I was at meeting today where the issue of evangelism was discussed – we were being honest, I think, in referring to it as “marketing” and using a marketing analysis of how we can go about putting the gospel before others.
At one point during the discussion, one of our number referred to a part of the market as “the crazies,” by which he meant those going through crises in their life: divorce, death of a loved one, loss of a job, alcoholism or other addiction (their own or someone else’s), etc. There are numerous disruptions, dysfunctions, crises, tragedies, and catastrophes that can lead to craziness in a family. What, he asked, can we offer to those facing “the crazies”?
We can offer Jesus whose family and friends thought he was “out of his mind”; we can offer the Jesus who is crazy! We have a crazy savior who is with us in the midst of the craziness. Of course, by calling Jesus “crazy,” I’m not saying Jesus was insane. C.S. Lewis, in Mere Christianity, addressed that issue when he suggested that in thinking about who Jesus was and is, we only three choices — (1) Jesus was mad.
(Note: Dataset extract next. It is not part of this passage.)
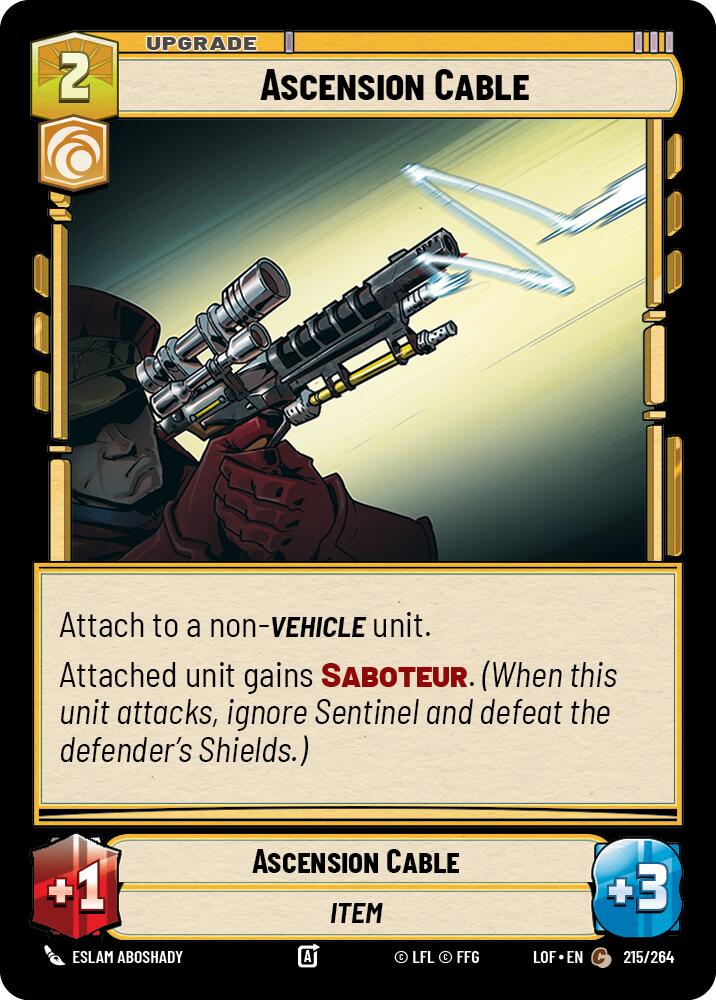 Ascension Cable (215/264) (215/264) [Legends of the Force] | Deep Dive Games St. Marys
Only a madman would make some the outlandish statements Jesus made; (2) He was lying. He might or might not have believed what he said about himself, but regardless they were not true; or (3) What he said was and is true and he is the Son of God, the Incarnate Lord who came from heaven to live among us, who died on the cross, rose from the dead, and ascended into heaven opening the way of salvation to us. This is how Lewis makes this profound logical argument.
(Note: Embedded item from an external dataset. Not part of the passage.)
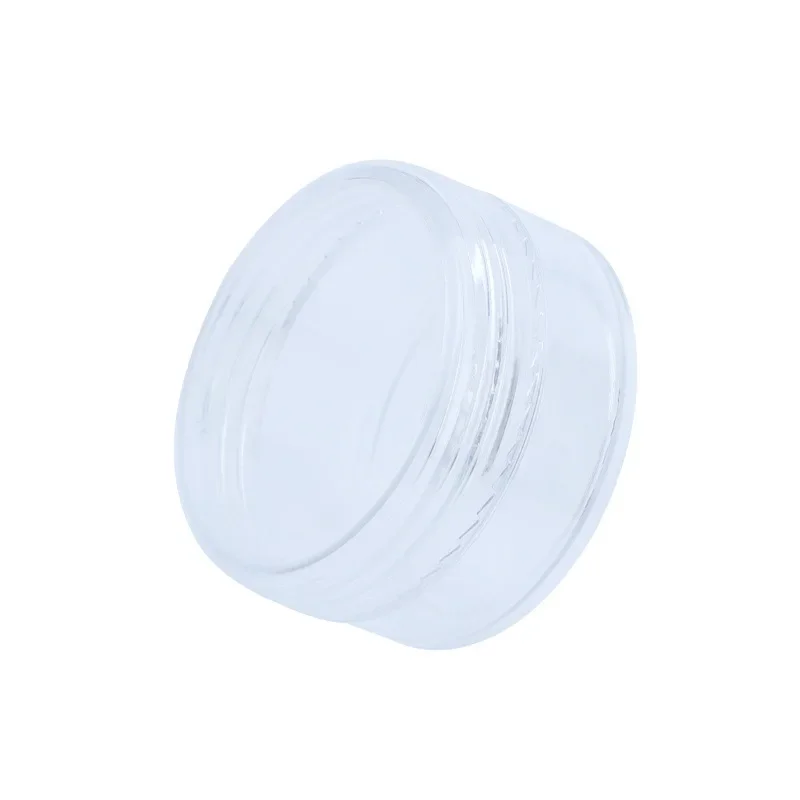 50pcs 20g 15g 10g 5g 3g Empty Plastic Cosmetic Makeup Jar Pots Transparent Sample Bottles Eyeshadow Cream Lip Balm Container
I am trying here to prevent anyone saying the really foolish thing that people often say about Him: “I’m ready to accept Jesus as a great moral teacher, but I don’t accept His claim to be God.” That is the one thing we must not say. A man who was merely a man and said the sort of things Jesus said would not be a great moral teacher. He would either be a lunatic – on the level with a man who says he is a poached egg – or he would be the devil of hell. You must take your choice. Either this man was, and is, the Son of God: or else a madman or something worse.
You can shut Him up for a fool, you can spit at Him and kill Him as a demon; or you can fall at His feet and call Him Lord and God. But let us not come with any patronizing nonsense about His being a great human teacher. He has not left that open to us. He did not intend to.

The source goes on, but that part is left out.